- RECORDS SHOWN -

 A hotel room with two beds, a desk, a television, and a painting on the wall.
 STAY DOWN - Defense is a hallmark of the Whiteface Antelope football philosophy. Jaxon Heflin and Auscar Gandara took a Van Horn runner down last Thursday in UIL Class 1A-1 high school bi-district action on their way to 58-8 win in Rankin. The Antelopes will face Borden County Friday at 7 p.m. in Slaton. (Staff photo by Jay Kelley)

...

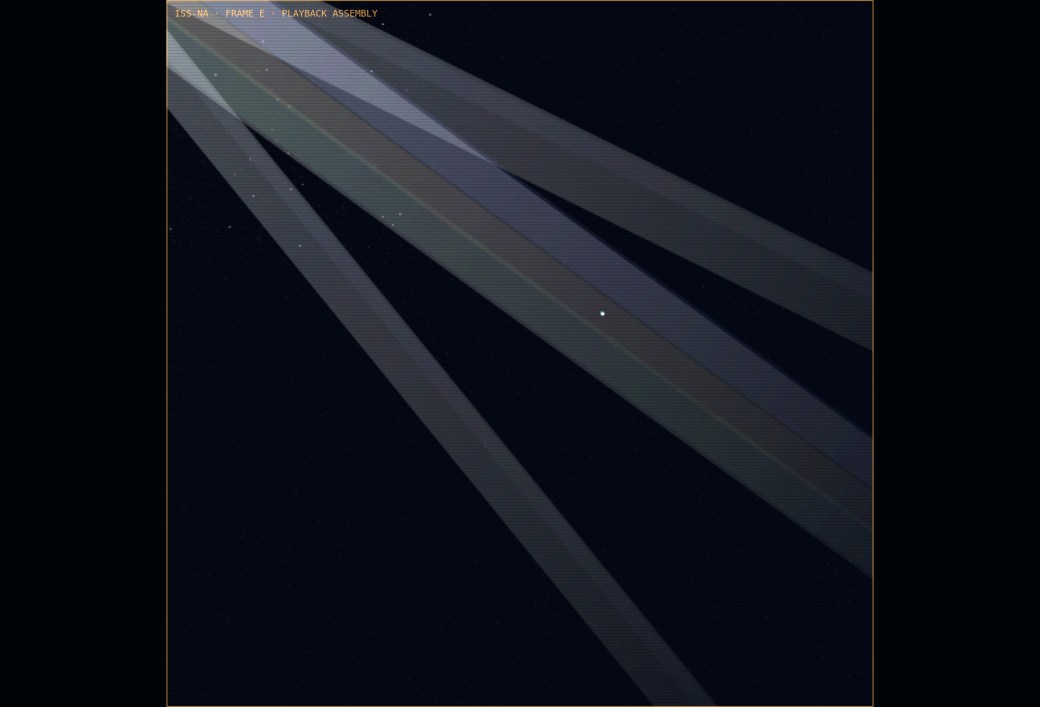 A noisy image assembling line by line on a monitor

- WHAT IS EXPECTED -
Give back precisely the lines above that start at the line containing "A hotel room" and end at the line containing "STAY DOWN - Defense", inclusive. No other lines belong in the output.

- TASK OUTPUT -
 A hotel room with two beds, a desk, a television, and a painting on the wall.
 STAY DOWN - Defense is a hallmark of the Whiteface Antelope football philosophy. Jaxon Heflin and Auscar Gandara took a Van Horn runner down last Thursday in UIL Class 1A-1 high school bi-district action on their way to 58-8 win in Rankin. The Antelopes will face Borden County Friday at 7 p.m. in Slaton. (Staff photo by Jay Kelley)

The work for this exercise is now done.